Monsieur le Premier ministre,
Parce qu'elles sont au coeur de la vie politique et qu'elles constituent le socle de l'action de l'Etat, nos institutions ne sauraient rester à l'écart de l'effort de modernisation de notre pays souhaité par les Français et entrepris par le gouvernement.
Depuis cinquante ans, la Constitution de la Ve République a fait la preuve de sa solidité et de son efficacité. En aucun cas, ce qu'elle a apporté au fonctionnement de l'Etat et au gouvernement de la France ne doit être abandonné ou fragilisé. Pour autant, nos institutions ont leur part de responsabilité dans les difficultés de notre pays et dans l'écart qui s'est progressivement creusé entre le peuple et ses élus. Nos concitoyens aspirent profondément à un Etat efficace, à une République exemplaire, à une démocratie irréprochable.
Je considère par ailleurs que le quinquennat a modifié, au-delà sans doute de ce qui était prévu, l'équilibre institutionnel de la Ve République et que nous devons répondre à cette situation.

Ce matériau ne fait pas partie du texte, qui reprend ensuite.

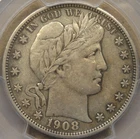 1908 Barber Half Dollar 50c PCGS Certified XF45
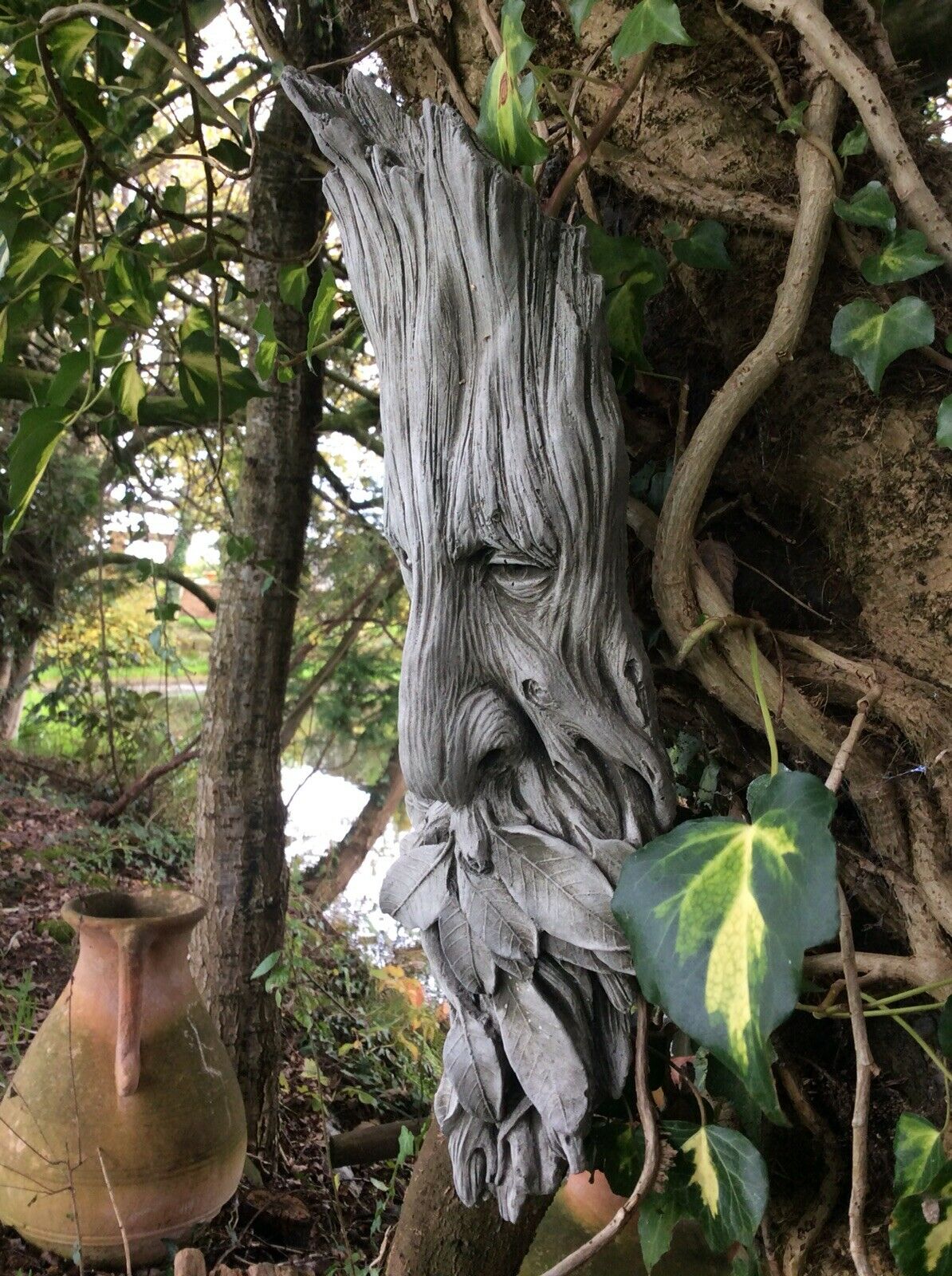 Stone Leaf Greenman Wall/Tree Plaque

Après trois mois et demi de consultation et de réflexion, le comité de modernisation et de rééquilibrage des institutions de la Ve République présidé par M. Édouard Balladur, et composé de personnalités issues de tous les grands courants démocratiques de pensée de notre pays, a confirmé la pertinence de cette analyse et formulé un nombre important de recommandations allant dans le sens d'un meilleur contrôle de l'exécutif, d'un renforcement du Parlement, et de la création de droits nouveaux pour les citoyens. Il m'apparaît que la plupart de ces propositions doivent être reprises.
C'est pourquoi je vous demande d'engager à présent une consultation de toutes les formations politiques de notre pays sur une réforme de nos institutions dont les principales composantes seraient les suivantes :
1. Un pouvoir exécutif mieux contrôlé
La légitimité conférée au Président de la République par son élection au suffrage universel direct et les outils du parlementarisme rationalisé font de l'exécutif en général, et du Président de la République en particulier, les pôles forts de nos institutions. Cette réalité doit être à la fois mieux assumée et plus encadrée.

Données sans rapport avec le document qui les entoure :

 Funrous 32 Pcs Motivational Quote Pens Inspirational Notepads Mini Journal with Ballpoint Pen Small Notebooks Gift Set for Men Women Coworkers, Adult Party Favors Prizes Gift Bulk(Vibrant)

Il me paraît d'abord naturel qu'en raison du rôle éminent que la Constitution lui confie et de la légitimité que lui donne son mode d'élection, le chef de l'Etat puisse venir s'exprimer en personne devant la Représentation nationale. Ce serait au demeurant une manière de reconnaître et de revaloriser le rôle du Parlement. Les modalités selon lesquelles le Président de la République peut d'ores et déjà s'adresser à lui, héritées de l'histoire, sont aujourd'hui désuètes. Cette possibilité nouvelle, qui naturellement correspondrait à des moments importants de la vie publique nationale, devrait être ouverte devant l'Assemblée nationale, devant le Sénat, ou devant les deux chambres réunies en Congrès. Elle devrait pouvoir donner lieu à débat.

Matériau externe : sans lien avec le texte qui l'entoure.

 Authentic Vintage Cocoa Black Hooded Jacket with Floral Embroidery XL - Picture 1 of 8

Soucieux de rechercher les voies d'une démocratie irréprochable et d'une République exemplaire, j'estime nécessaire qu'un certain nombre de pouvoirs de l'exécutif, notamment du Président de la République, soient davantage encadrés. Je suis favorable à un renforcement du contrôle qui s'exerce sur les pouvoirs exceptionnels conférés aux pouvoirs publics en cas de crise grave (article 16 de la Constitution, état de siège, état d'urgence). Je pense que les propositions du comité s'agissant du droit de regard du Parlement sur les nominations les plus importantes doivent être reprises. Je souhaite que le droit de grâce du Président de la République soit réservé à des cas individuels et que son exercice soit précédé de l'avis d'une commission de sages dont le nombre serait limité. Je préfère cette formule à celle d'une consultation préalable du Conseil supérieur de la magistrature : par construction, la justice s'est déjà prononcée sur ces affaires.
J'estime souhaitable de mettre en oeuvre les propositions du comité relatives au remboursement aux administrations des frais de personnels mis à disposition des cabinets ministériels, ainsi qu'au contrôle par la Cour des comptes des budgets des « pouvoirs publics », comme la Présidence de la République a d'ores et déjà prévu de le faire pour sa part. Pour des raisons d'efficacité de l'action de l'Etat et de plein engagement dans leur mission des titulaires de responsabilités ministérielles, je suis favorable à la proposition du comité consistant à interdire le cumul d'une fonction ministérielle avec tout mandat électif, à tout le moins avec tout mandat exécutif. En contrepartie, les anciens ministres pourraient retrouver leur siège au Parlement.
Conformément aux engagements de la campagne présidentielle, et alors même que le comité ne l'a pas retenu, je propose que le nombre de mandats successifs d'un même Président de la République soit limité à deux. Je considère que le rôle de la Constitution est aussi d'aider les responsables politiques à agir plutôt qu'à chercher à se maintenir.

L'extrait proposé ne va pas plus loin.